# What the task asks
Retype the listing below exactly, pictures removed.

# Extracted data

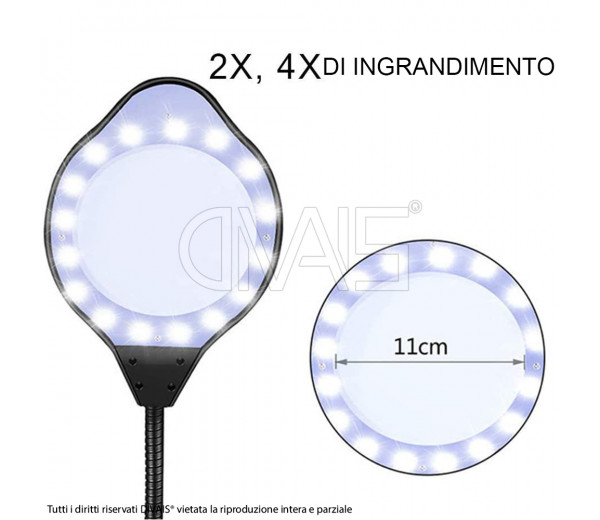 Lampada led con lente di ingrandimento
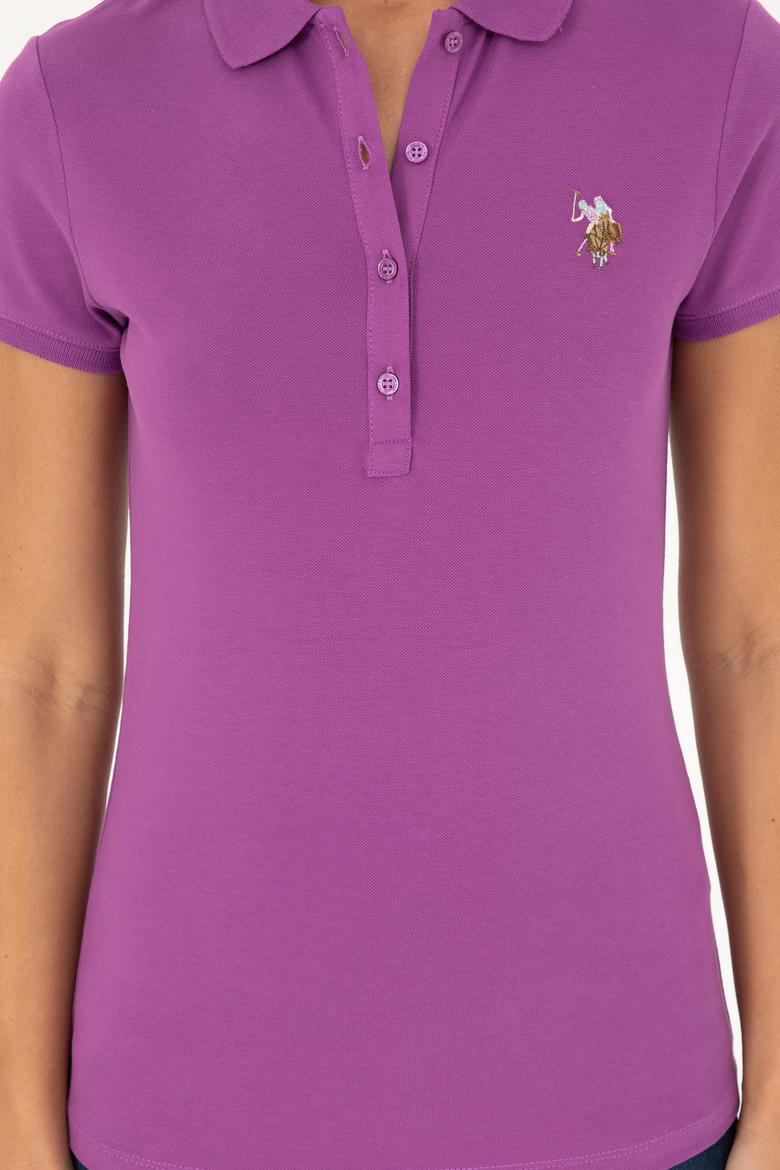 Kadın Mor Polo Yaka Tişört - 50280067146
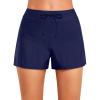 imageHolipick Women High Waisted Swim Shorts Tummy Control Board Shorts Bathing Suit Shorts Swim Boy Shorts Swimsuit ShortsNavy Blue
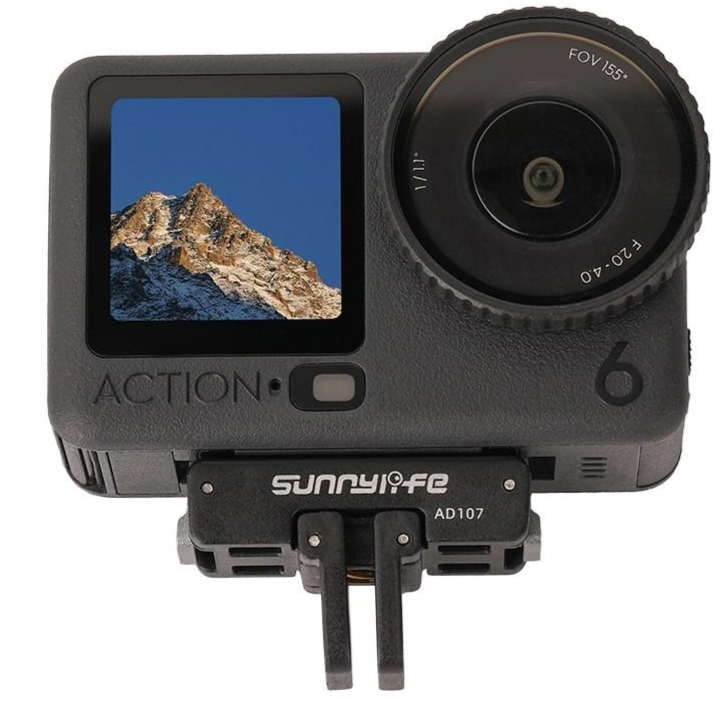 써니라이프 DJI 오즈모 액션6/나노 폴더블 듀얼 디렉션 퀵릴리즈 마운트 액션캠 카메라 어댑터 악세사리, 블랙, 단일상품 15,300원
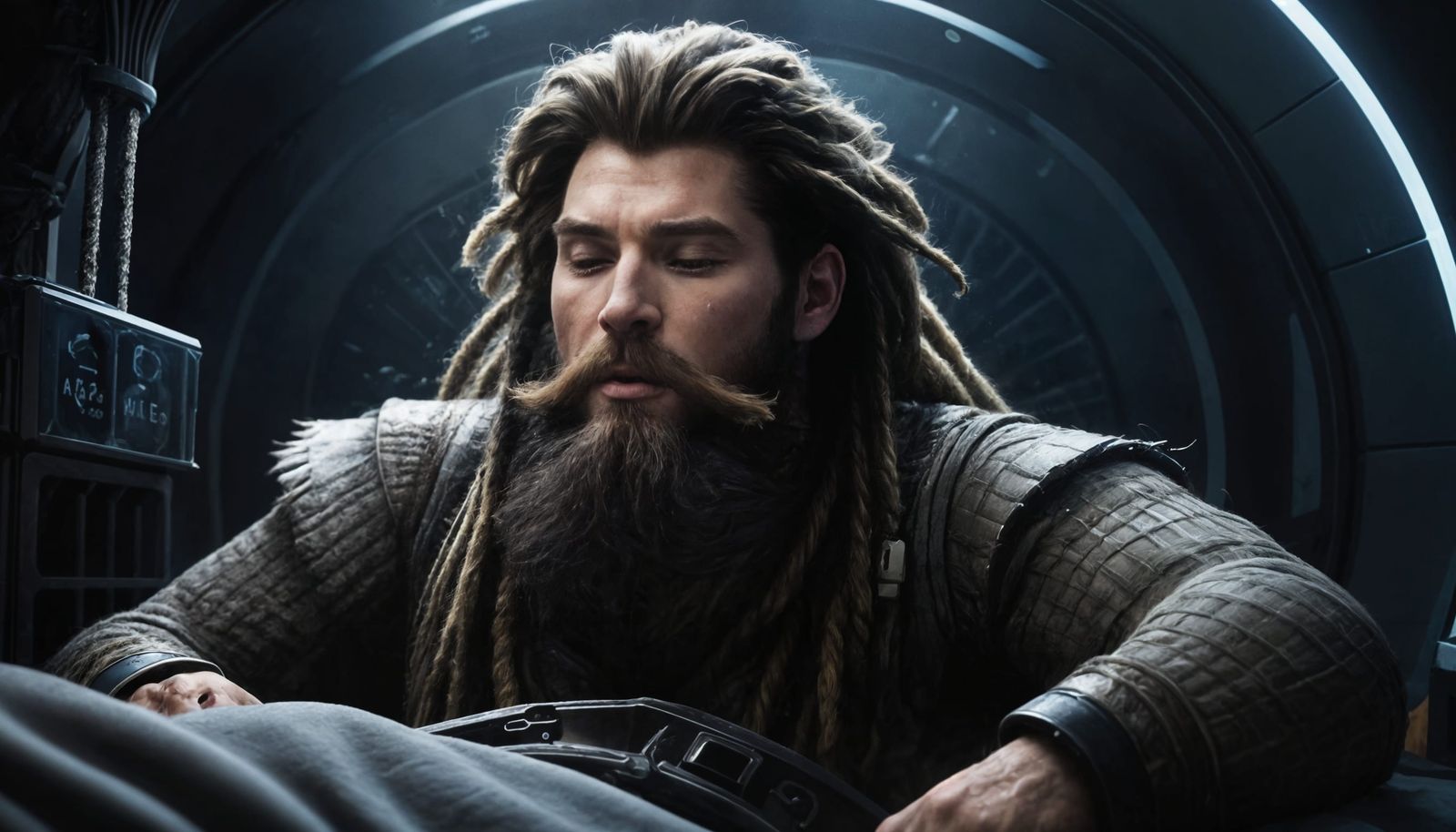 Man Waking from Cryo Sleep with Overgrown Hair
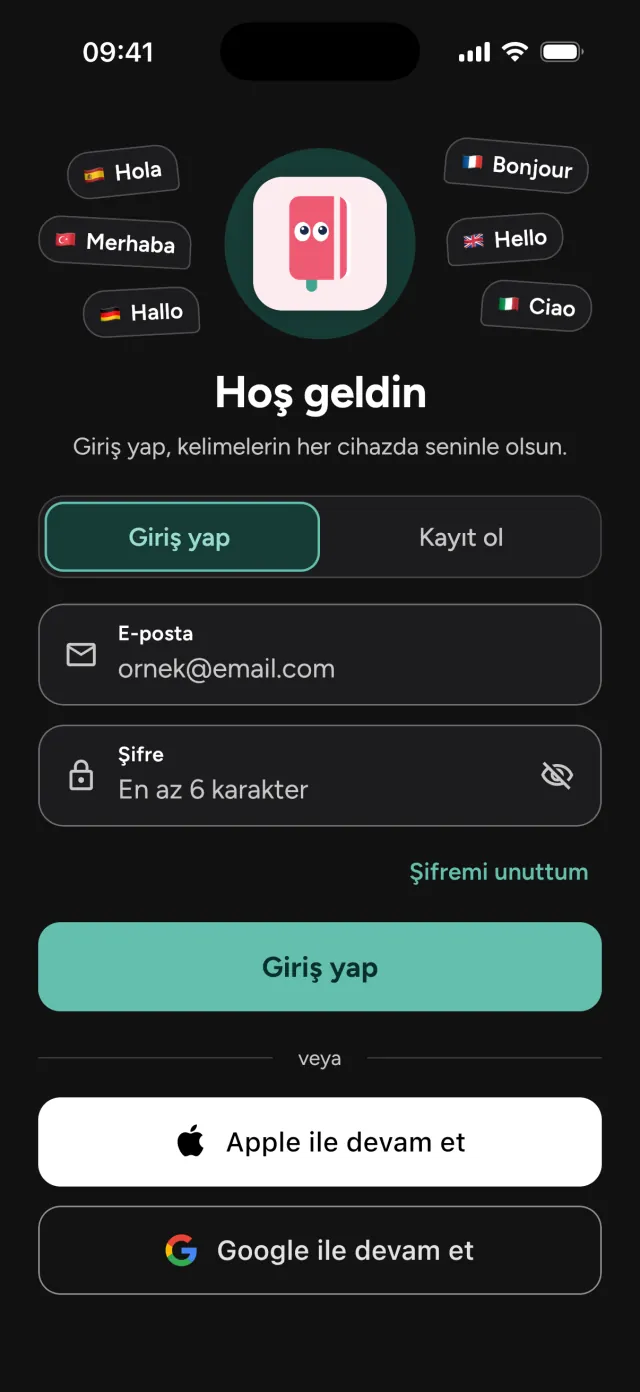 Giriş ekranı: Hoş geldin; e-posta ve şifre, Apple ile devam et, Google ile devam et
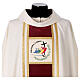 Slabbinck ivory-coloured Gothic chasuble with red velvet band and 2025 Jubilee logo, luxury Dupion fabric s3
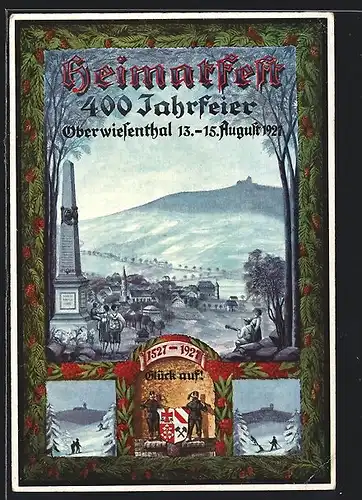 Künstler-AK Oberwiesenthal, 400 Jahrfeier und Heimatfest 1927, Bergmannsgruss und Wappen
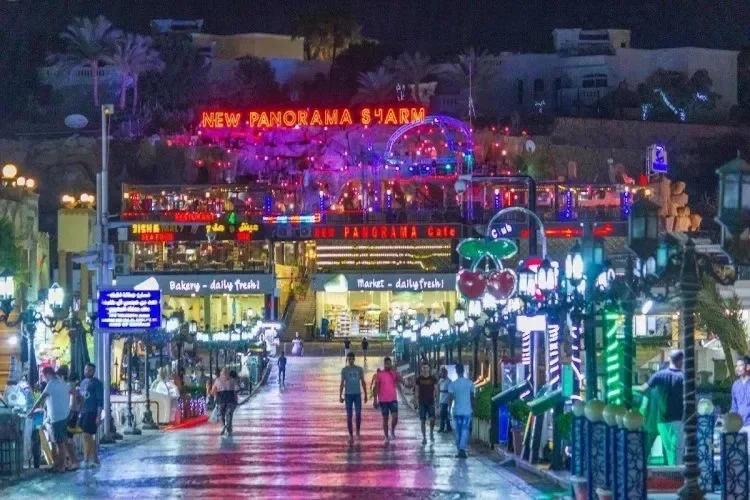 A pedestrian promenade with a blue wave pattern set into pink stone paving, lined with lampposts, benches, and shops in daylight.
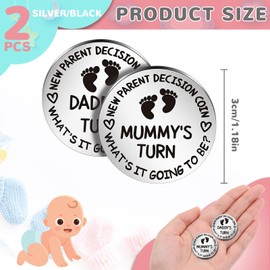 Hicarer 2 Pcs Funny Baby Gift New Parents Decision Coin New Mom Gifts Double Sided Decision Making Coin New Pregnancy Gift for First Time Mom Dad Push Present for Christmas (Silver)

# Reply
 Lampada led con lente di ingrandimento
 Kadın Mor Polo Yaka Tişört - 50280067146
 imageHolipick Women High Waisted Swim Shorts Tummy Control Board Shorts Bathing Suit Shorts Swim Boy Shorts Swimsuit ShortsNavy Blue
 써니라이프 DJI 오즈모 액션6/나노 폴더블 듀얼 디렉션 퀵릴리즈 마운트 액션캠 카메라 어댑터 악세사리, 블랙, 단일상품 15,300원
 Man Waking from Cryo Sleep with Overgrown Hair
 Giriş ekranı: Hoş geldin; e-posta ve şifre, Apple ile devam et, Google ile devam et
 Slabbinck ivory-coloured Gothic chasuble with red velvet band and 2025 Jubilee logo, luxury Dupion fabric s3
 Künstler-AK Oberwiesenthal, 400 Jahrfeier und Heimatfest 1927, Bergmannsgruss und Wappen
 A pedestrian promenade with a blue wave pattern set into pink stone paving, lined with lampposts, benches, and shops in daylight.
 Hicarer 2 Pcs Funny Baby Gift New Parents Decision Coin New Mom Gifts Double Sided Decision Making Coin New Pregnancy Gift for First Time Mom Dad Push Present for Christmas (Silver)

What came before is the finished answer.